Frank Zahn was born in a tepee at the Redfish camp near the Cannon Ball River on this date in 1890. Like his father, he would enjoy a wide array of colorful and diverse careers.


William Zahn, Frank’s father, had been a soldier under General George Custer until his discharge in 1875. For the next three years, he drove bull-teams between Bismarck and Deadwood and also established a trading post on the Cannon Ball River. After a time, he joined Buffalo Bill’s Wild West Show as an interpreter and counted among his friends people like Calamity Jane, Father De Smet, Sitting Bull, Rain-in-the-Face, Gall, and noted mountain man, Jim Bridger.


Young Frank’s Indian name, Flying Cloud, came from his mother, Kize-win, daughter of the Sioux Chief Flying Cloud. After graduating from Carlisle Indian University, he fought in World War I and then spent two years attending Aaker’s Business College in Fargo. Frank had learned English and also his mother’s native Sioux dialect, so when he returned to Ft. Yates, he followed in his father’s footsteps and worked as an interpreter for such legends as White Bull, Red Tomahawk, General H.L. Scott, Queen Marie of Rumania, and President Herbert Hoover.
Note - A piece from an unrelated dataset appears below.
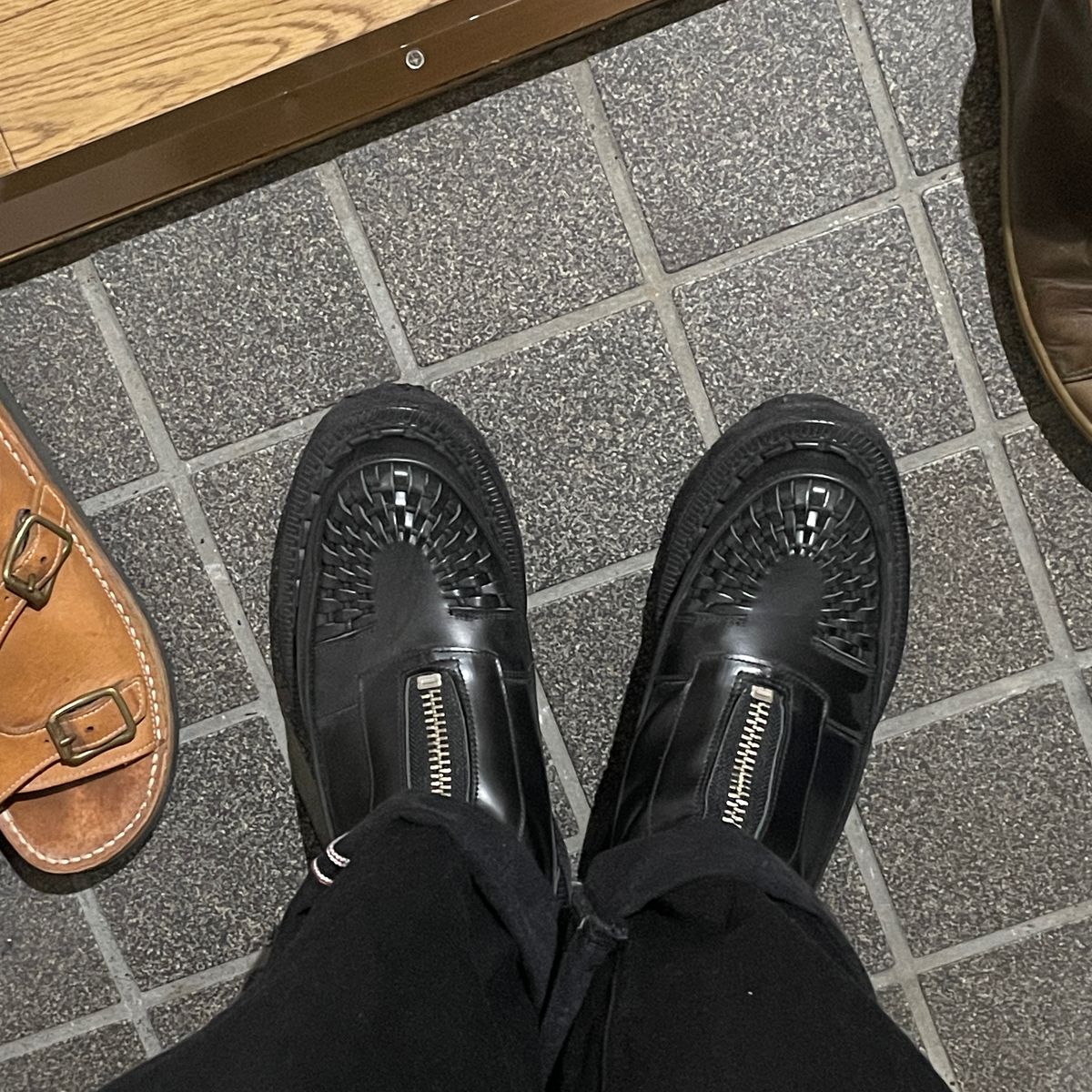 朝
Zahn’s life took a dramatic turn in 1940, when he and fifteen of Sitting Bull’s descendants went to Hollywood to act in western movies, including “Wild Bill Hickock Rides” and “Sioux City.” In “They Died with their Boots On,” Zahn played the role of the lead Indian chief.


Zahn later returned to North Dakota and moved in yet another direction—politics. Before getting into acting, he had served on the Standing Rock Agency Tribal Council. Now, upon his return, he was appointed Senior Judge of the Standing Rock Indian Jurisdiction.


When author Erling Rolfsrud visited Frank Zahn in the 1950s, he described the judge’s home as a virtual museum, including such possessions as a silver peace medal given by Lewis and Clark to Chief Cottonwood in 1803 and another peace medal presented to Chief Crazy Horse by Indian commissioners at Ft. Laramie. He also owned Sitting Bull’s scalping knife, a brass crucifix given to Chief White Bull by Father De Smet, and s a fine assortment of Sioux Indian clothing, headdresses and weapons. Among his more personal treasures were awards of appreciation from Presidents Calvin Coolidge, Franklin Roosevelt and Harry Truman.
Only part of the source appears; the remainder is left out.